JP2569133B2 - A method for detecting cancer by measuring basic fetal protein in urine - Google Patents

Description

Description: TECHNICAL FIELD The present invention relates to a method for detecting cancer by measuring basic fetal protein in urine.

[Prior Art] Basic Fetoprotein (abbreviated as BFP) was discovered by one of the present inventors in the serum, intestinal and brain tissues of human fetuses, and is already known in the literature described below. Is a basic protein. In contrast to the known fetal protein, which is an acidic protein, this protein is called basic fetal protein because it is basic. Furthermore, one of the present inventors has established a radioimmunoassay (abbreviated as RIA) for the protein, and found that measurement of the protein in serum is useful for diagnosing cancer, determining its course, and determining the therapeutic effect. . In particular, it has been found that the protein is useful only for diagnosis of cancer of a specific organ like α-fetoprotein (abbreviated as AFP), and is useful for differential diagnosis between non-cancer and cancer, that is, diagnosis of presence or absence of cancer.

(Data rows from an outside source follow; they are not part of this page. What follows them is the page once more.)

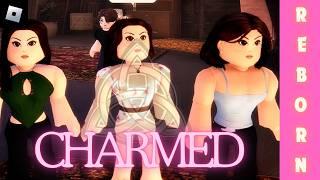 PIPER HALLIWELL ADVANCED POWERS GAMEPLAY | CHARMED: REBORN | ROBLOX GAMEPLAY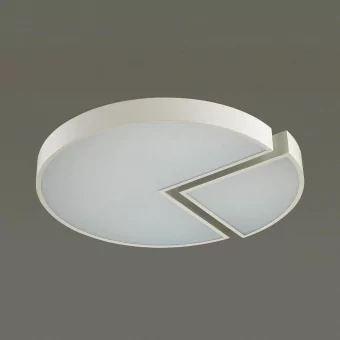 Потолочный светодиодный светильник Lumion Max 3698/52CL фото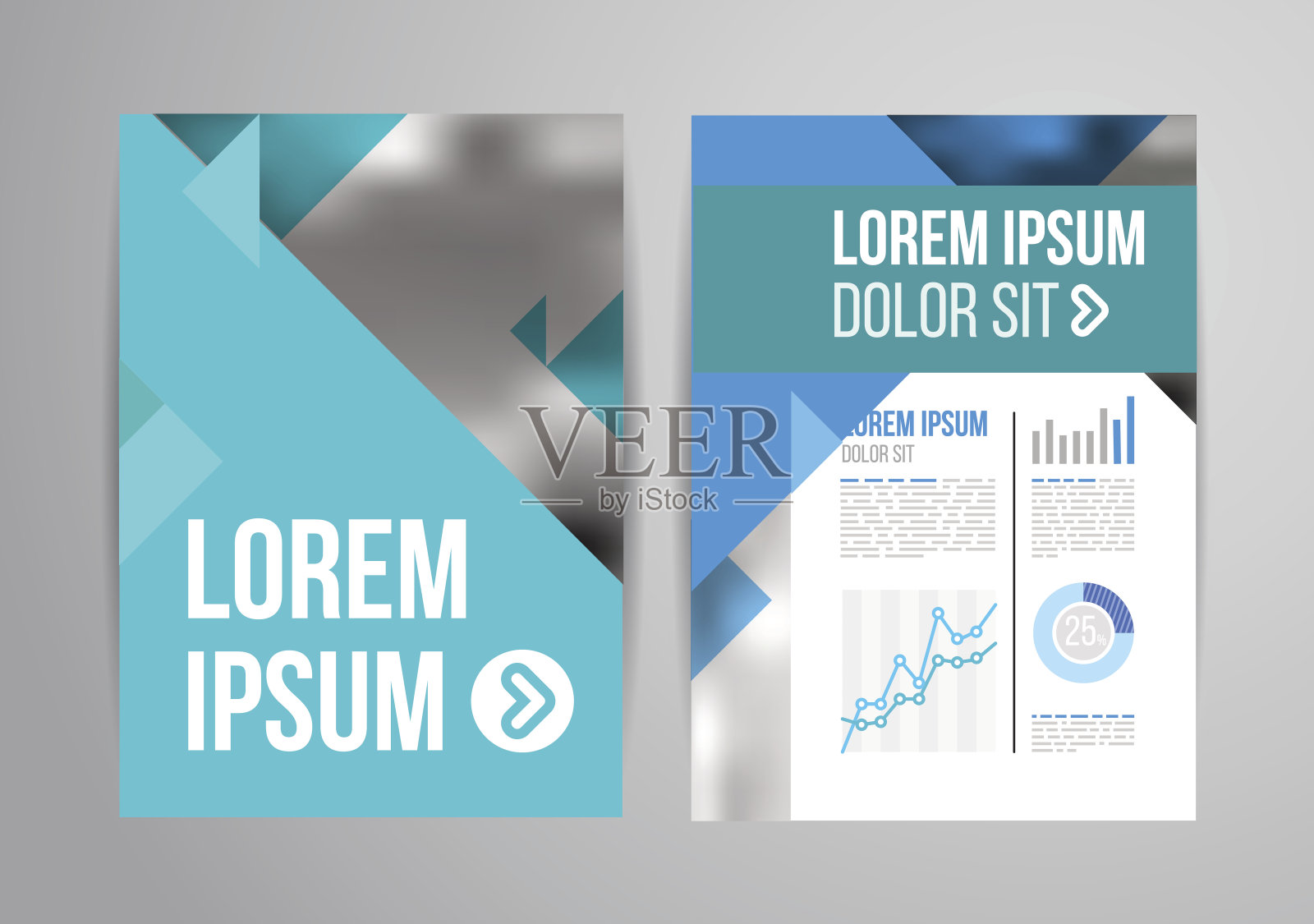 手册模板设计模板素材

Regarding the above-mentioned conventional findings, the following literature (1)
See (7).

(1) Masaru Ishii et al .: Research on Feto-Neoplastic Antigen. Article of the 34th Annual Meeting of the Japanese Cancer Society, p.173 (197
Five).

(2) Masaru Ishii: A new fetal protein present in various malignant tumors
Study on basic fetoprotein. History of Medicine, 100
(3), 344-346 (1977).

(3) Ishii Masaru: Basic fetoprotein (basic fetal protein). History of Medicine, 106 (5), 273-281 (19
78).

(4) Ishii, M.: A new carcinoembryonic protein ch
aracterized by basic property.Scand.J.Immunol., 8
(Suppl. 8), 611-620 (1978).

(5) Ishii, M .: Characterization of basic fetopro
tein and clinical usefulness of BFP for immunodiag
nosis of human cancer.Carcino-Embryonic Proteins.
Chemistry, Biology, Clinical Applications, Vol.1, Lehm
ann, F, -G. (ed.), Elsevier / North-Holland Biomedic
al Press, Amsterdam, 333-340 (1979).

(6) Ishii, M., Nishimura, K, .Hattori, M., Kanda, Ya
nd Ishihara, A .: Postoperative surveillance in patie
nts with stomach cancer and monitoring of immun
o-and polychemotherapy in patients with leuke
mia by basic fetoprotein.Carcino-Embryonic Protei
ns.Chemistry, Biology, Clinical Applications, Vol.2
Lehamnn, F.-G. (ed.), Elsevier / North-Holland Bio
medical Press, Amsterdam, 603-606 (1979).

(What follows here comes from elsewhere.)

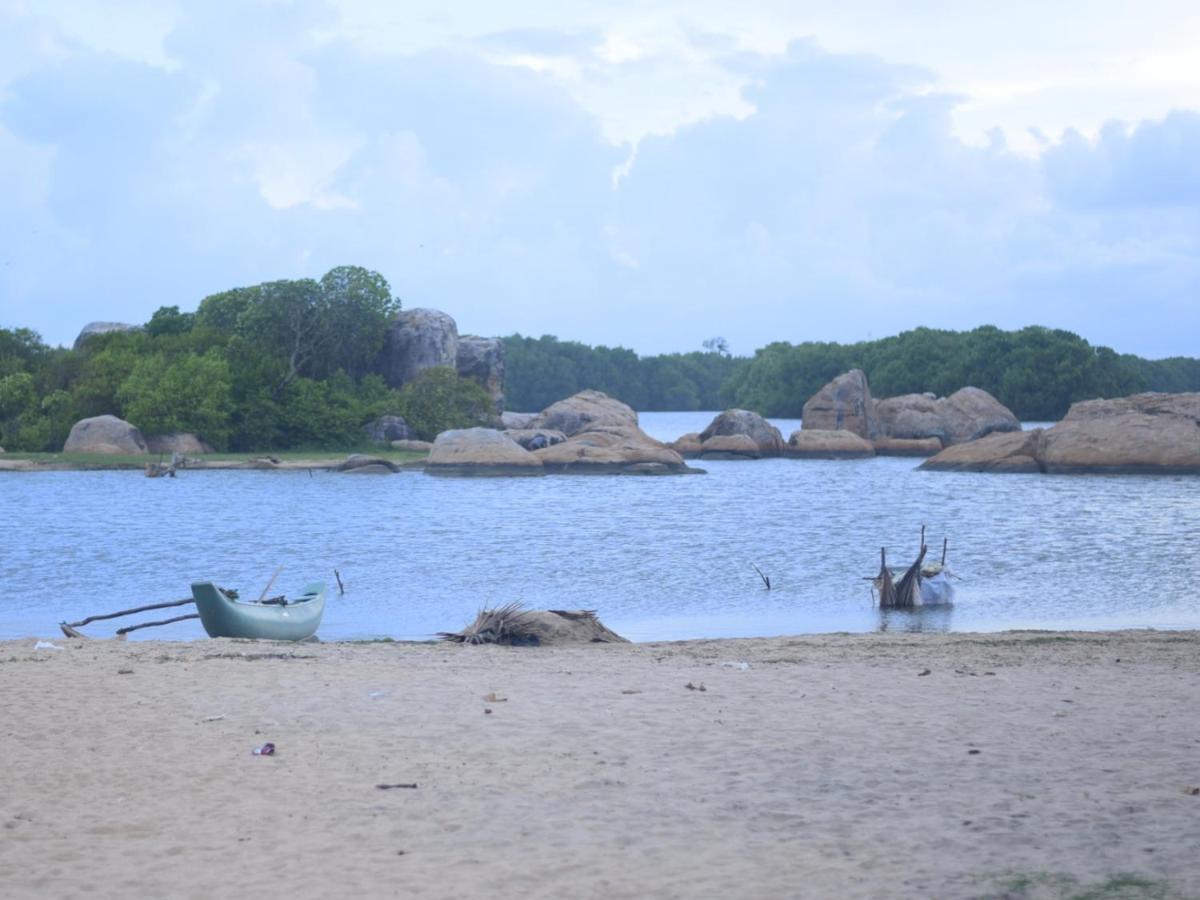 Prime Surfers Bungalow Arugam Bay Esterno foto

(7) Ishii, M.: Clinical usefulness of basic feto
protein for immunodiagnosis of human cancer.Compen
dium of Assay for Immunodiagnosis of Human C
ancer, Development in Cencer Research, Heraberman, R.
B. (ed.), Vol. 1, Elsever / North-Holland Biomedical
Press, New York, 45-50 (1979).

(8) The 6th Study Group for Tumor Markers (October 20, 1986)
(Japan, Sapporo) Program and Abstracts, 111 pages (9) The 6th Study Group for Tumor Markers (October 20, 1986)
(Nippon, Sapporo) Records pp. 248-250 Since the amount of BFP in serum of cancer patients is very small, it is necessary to establish a highly sensitive measurement method for its quantification, mainly using the RIA method and the EIA method. Method (enzyme immunoassay)
Has been developed. For details of the RIA method, refer to the above-mentioned references (3) to (7), and for details of the EIA method, refer to the following references (10) to (11).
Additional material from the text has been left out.